**Data to examine:**
******

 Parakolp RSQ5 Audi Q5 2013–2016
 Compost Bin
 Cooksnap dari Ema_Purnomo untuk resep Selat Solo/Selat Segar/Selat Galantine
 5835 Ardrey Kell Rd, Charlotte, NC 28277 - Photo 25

******

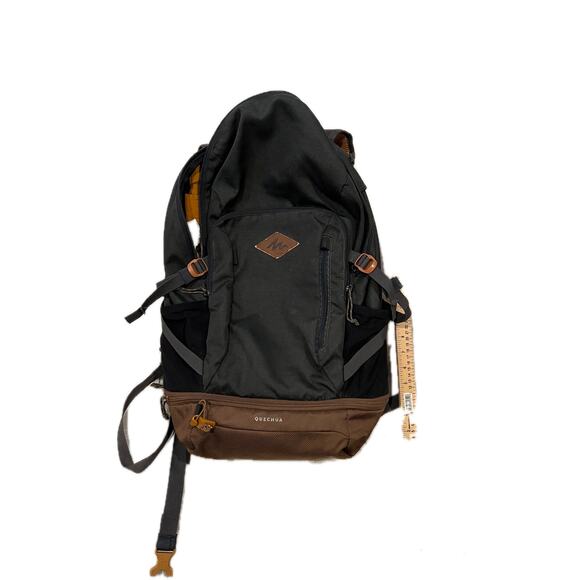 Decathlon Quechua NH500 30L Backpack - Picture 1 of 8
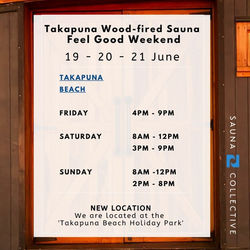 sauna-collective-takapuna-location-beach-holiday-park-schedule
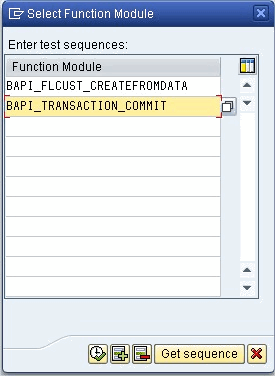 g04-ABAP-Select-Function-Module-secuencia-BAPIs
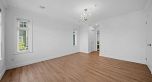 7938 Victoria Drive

******

**Exercise description:**
Working from the data above, repeat exactly, and only, the lines that begin at the line containing "sauna-collective-takapuna-location-beach-holiday-park-schedule" and stop after the line containing "7938 Victoria Drive"; pictures are not copied.

**Solved exercise:**
 sauna-collective-takapuna-location-beach-holiday-park-schedule
 g04-ABAP-Select-Function-Module-secuencia-BAPIs
 7938 Victoria Drive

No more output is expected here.